Registered: 09/10/08
Posts: 63
Loc: Arkansas
Hi Everybody -- I need some help in reaching closure with a situation that has left me very confused. I have never had an experience like this, and I hope that your comments will help me learn something from this.

Last year, I met a guy through my hiking club. He has been divorced for about 5 years after a 40-year marriage. I have been divorced for 16 years after a 28-year marriage. I later invited him to join my cycling group. Since we are both retired, he started asking me to hike and cycle one-on-one, and we did this several times a week for over a year, and had so much fun. We frequently spent all day together. Sometimes he would come back to my house for a sandwich on the deck, and sometimes he invited me to lunch and would pay for it (although I always offered to pay). I figured we were just friends having fun doing these activities, and if it turned into something else, we would have a solid friendship to build on. We both would ask each other to do these things, and it was a comfortable, casual thing.

Then a few months ago, he brought me home from a bike ride and kissed me in the driveway (I was totally shocked because there was NOTHING leading up to this, except a hug now and then). He didn't say a word to me, left me standing there, got in his car and drove off. I heard nothing from him for 6 weeks. I WAS NOT GOING TO CONTACT HIM AFTER THIS - I FELT THE BALL WAS IN HIS COURT. In the meantime I sprained my ankle and was not hiking with the group. He sent me a Christmas card (which I did not respond to), and then he starts emailing me wanting to know why I had not been hiking. I told him about the ankle. I asked him why he had done what he did, and that not hearing from him for 6 weeks was hurtful since we had been having so much fun together. He said he was just getting too close to me. THEN HE SAID "IT WAS NOT LIKE WE WERE DATING". He then went on in detail to tell me the museums he would like to go to, the places he would like to cycle, and traveling to hike in various areas, and I was the one he wanted to do these things with, but if we did these things then he would be "DATING' me, and I would expect to have a relationship. I told him that we should just keep things the way they were, but I slowely stopped asking him to do these things. I felt like he was really BSing me when I found out he was on three dating websites, where he had lied about his age. The sad thing is that we really had a lot of fun together, and I never put any pressure on him to "date" me.
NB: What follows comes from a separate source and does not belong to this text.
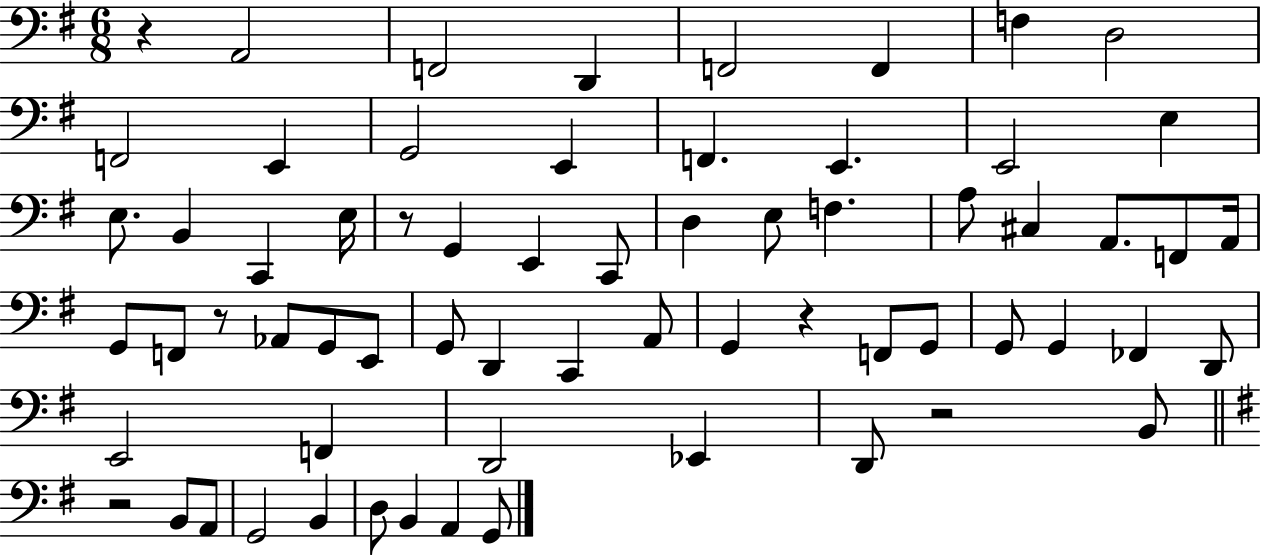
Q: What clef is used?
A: bass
I also learned from two women I occasionally hike with that before he and I started doing things together, he had "dated" them. Both of their stories were almost identical. A couple hikes, a ballgame or movie, no intimacy, and then bam - the "clean sheets and toothbrush" routine. They both told him to get lost and neither will date him again.

I feel lucky that we did not get involved with each other, but I still continue to feel sad because we had so much fun together and could just pick up and go because we are both retired. It appears he is not the person I thought he was. We no longer do one-on-one things, but he is still in the hiking and cycling group and I see him frequently and we are both friendly with each other. He continues to be on the dating sites (I have a hidden profile), but it appears he has not found another woman to do the things I did with him. He frequently drops "hints" about doing this ride or that and that we should get together and train for a ride, but I don't respond to this.

I am trying to learn something from this, but I'm not sure what it is. I do know that I have "taken care of myself" in this situation. Maybe what I am learning is that I am emotionally healthy, not what I have always been.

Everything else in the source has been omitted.